== DATA SECTION ==

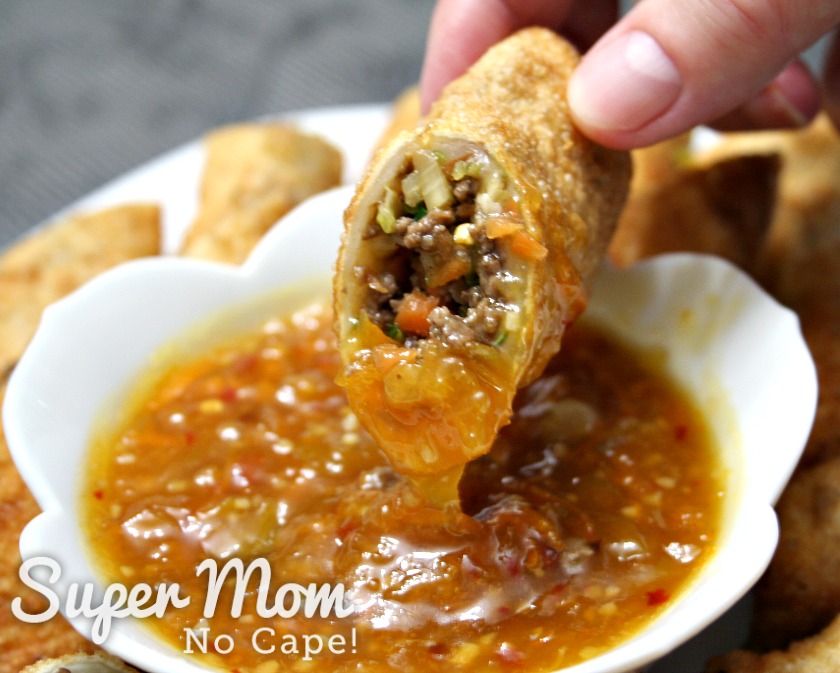 Homemade egg roll being dipped into a bowl of orange sauce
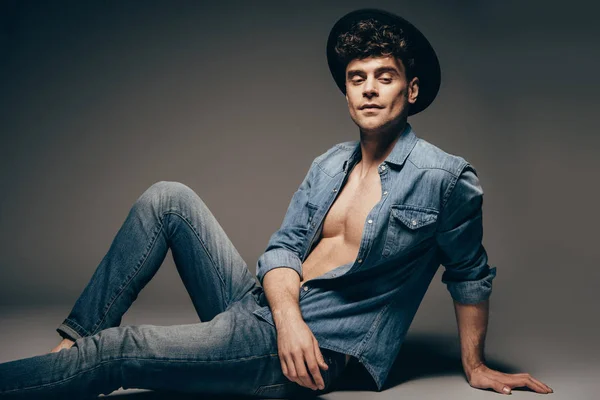 Schöner sexy Mann posiert in Jeans-Kleidung und Hut auf dunkelgrau — Stockfoto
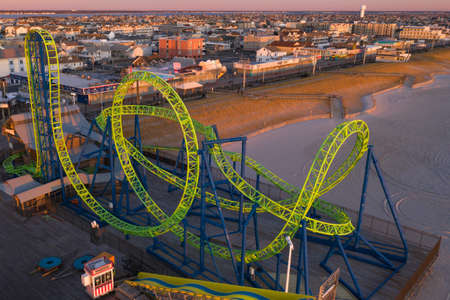 Big, bright green roller coaster on a beach.のeditorial素材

===

DIRECTIONS:
Make an exact copy of the listing. Do not carry over its pictures.

ANSWER SPACE:
 Homemade egg roll being dipped into a bowl of orange sauce
 Schöner sexy Mann posiert in Jeans-Kleidung und Hut auf dunkelgrau — Stockfoto
 Big, bright green roller coaster on a beach.のeditorial素材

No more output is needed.